Bennett Liebman, a former racing board member and now head of a racing and wagering think tank at Albany Law School, urged lawmakers to overhaul the state's racing law to make it workable and practical in an era of declining health for the state's racing industry. He noted that despite changes to lure more people to horse racing, handle in New York in 2004 is only 30% of where it was 30 years ago -- before such developments as simulcasting and winter Thoroughbred racing.
"We need a system with a level playing field where the participants freely and flexibly compete and cooperate with each other,'' he told lawmakers.
Tim Smith, head of Friends of New York Racing, a group of tracks, owners, trainers and companies with an interest in racing in the state, told lawmakers a new business plan is needed for NYRA and the OTBs. "In our view, the antiquated structure of New York racing and legal wagering is at the heart of the problem,'' he said.
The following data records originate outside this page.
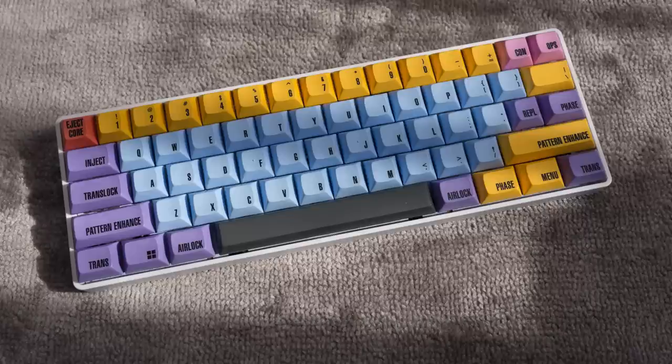60% boards look sweet, admit it, they just do. Even people that don't or won't use them admit they are cool. Take a look at all the cool 60% keyboards in my series This is my 60 for proof.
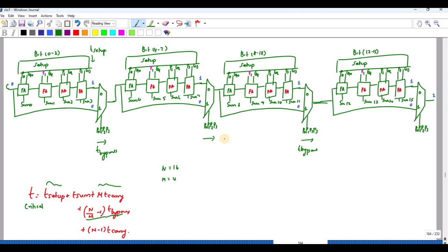After passing through the bypass stages, the carry must ripple through the final stage — that is (m-1) equals 3 t_carry delays, followed by one t_sum. So the complete critical path is: t_setup + m·t_carry + (n/m - 1)·t_bypass + (m-1)·t_carry + t_sum.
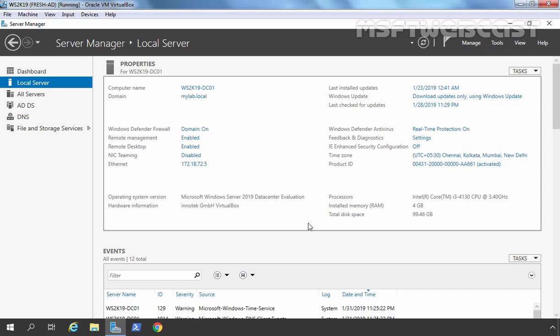Hello Everyone! Welcome to MSUpti Webcast. In this video, we will see the steps to install the DHCP server role and how to configure DHCP server role in Windows Server 2019.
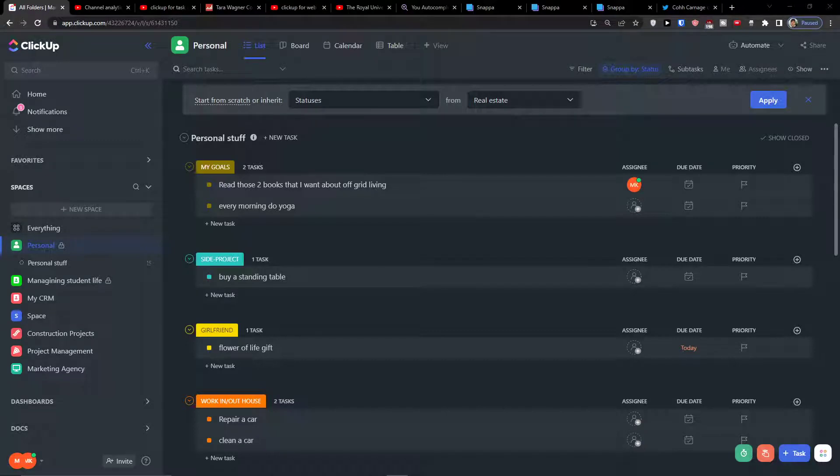Hey guys, my name is Markus and in this video I'm going to teach you how you can easily use ClickUp for bookkeeping and also for accounting. There are actually two ways how we can do it and I'm going to show you both ways.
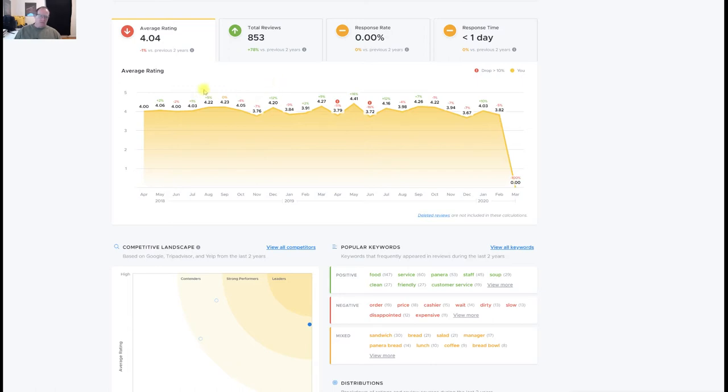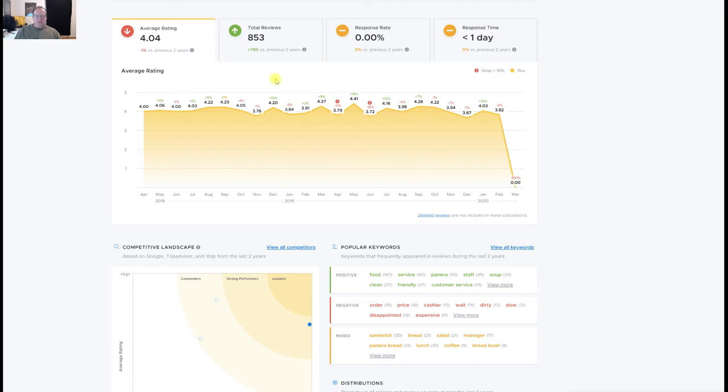I prefer to be in the 4.6, 4.7 range, but let's not worry about that for now. You can see over that period there were 853 reviews - quite a few reviews. Not bad.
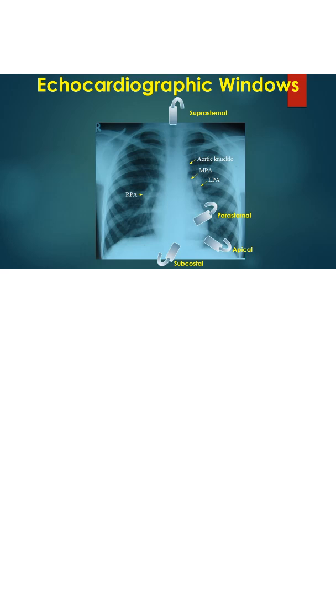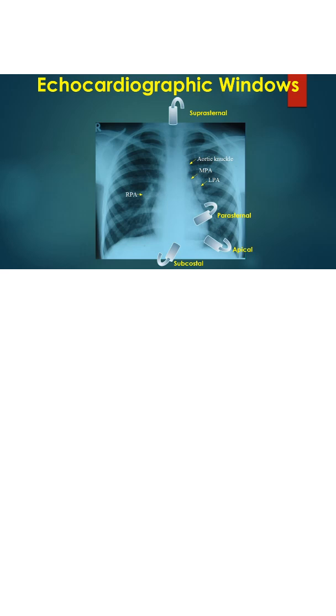Hence, a basic knowledge is needed for all physicians and paramedics. Trans thoracic echocardiography is often done from four echo windows. Echo windows are regions on the chest which permit imaging of the heart with least covering by the lungs.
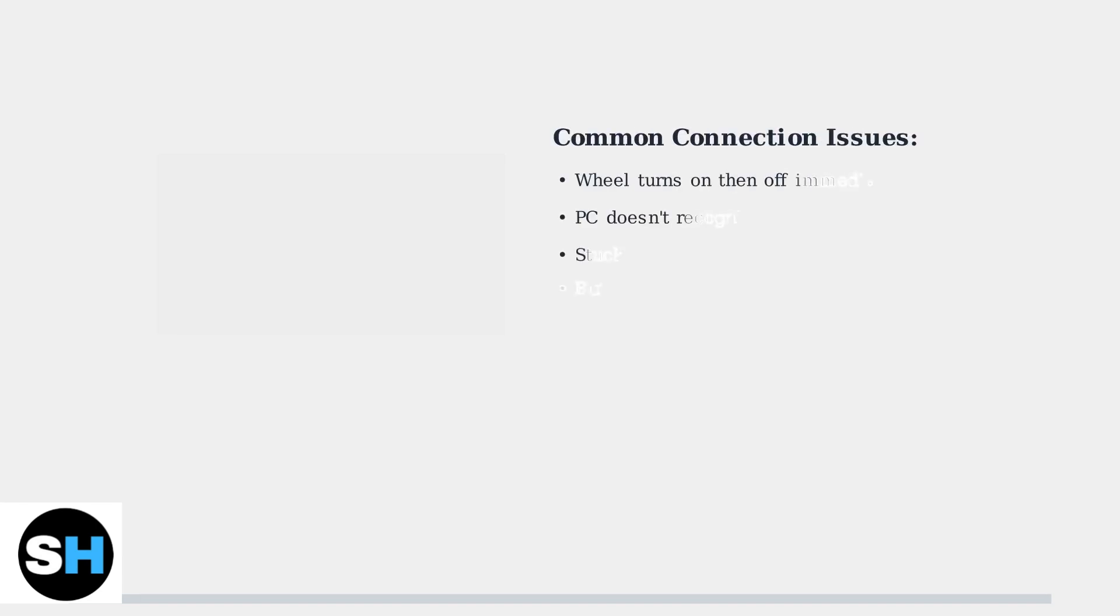The PXN V9 racing wheel is popular among PC gamers, but many users experience frustrating connection issues. Let's identify the most common problems and their solutions.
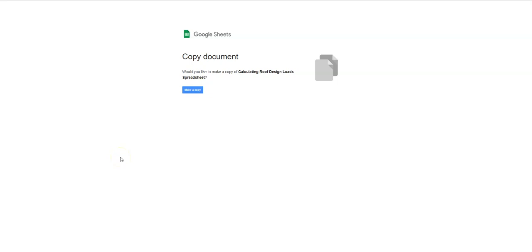This is a video for how to go about calculating roof design loads for your civil engineering class. In the description area for this video there is a link to the spreadsheet I will be using during the video, and you can make a copy of it and follow along with me.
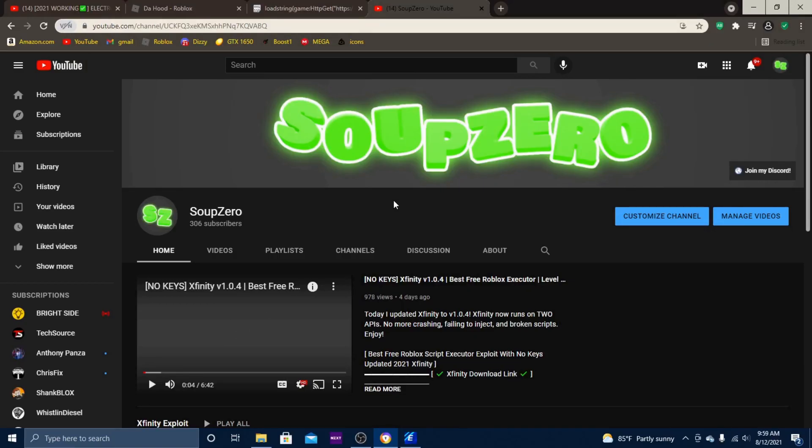Hey guys, Soup Zero here, and today I have some good news for you guys considering what happened yesterday. If you don't know what happened yesterday, then you can watch my previous video. So basically what happened was Roblox...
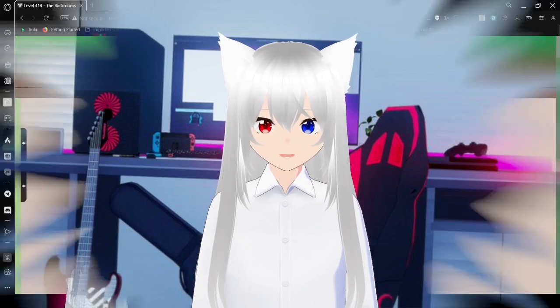Hello, this is Haku2Bean, and today we're going to be reading level 414 of the Backrooms. If you like this video, please leave a like on the video, comment down below, and subscribe to the channel. Now, let's get right into this.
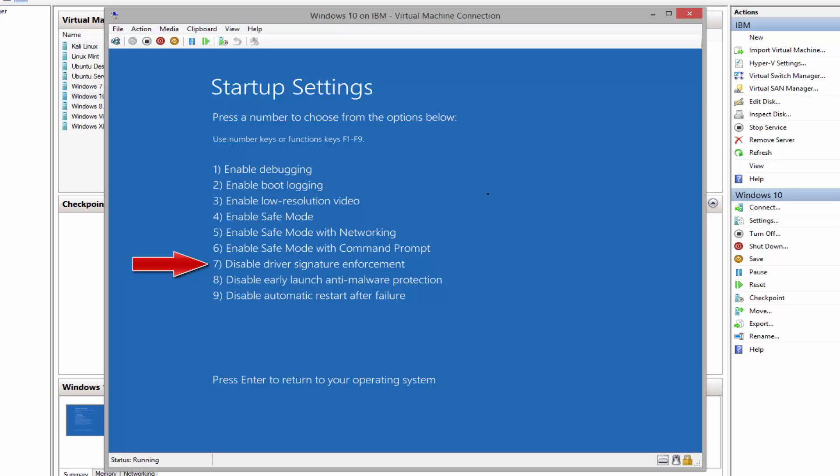Option number eight, disable early launch anti-malware protection. This will basically disable the anti-malware which scans device drivers that have been affected with malicious software and blocks those device drivers from loading. By disabling this, it will basically allow all device drivers to load.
Smith said the NYRA franchise model created in the 1950s has worked in the past. But it must be changed "for New York racing to survive.'' His group is due to present some preliminary racing plans in June, he said.
Smith called for a new atmosphere of industry cooperation. "To our industry, we say: We are all in this together. The time for the usual internal fights is over. We need more collaboration and teamwork, particularly here in Albany, since we know the alternative doesn't work.''
With Magna and Churchill not testifying, lawmakers missed a key opportunity to ask two potential NYRA franchise competitors about their plans. But lawmakers said the gathering was, first and foremost, a forum to hear ideas to improve racing in the state. "We're here to listen to you,'' said Sen. William Larkin, chairman of the Senate racing committee.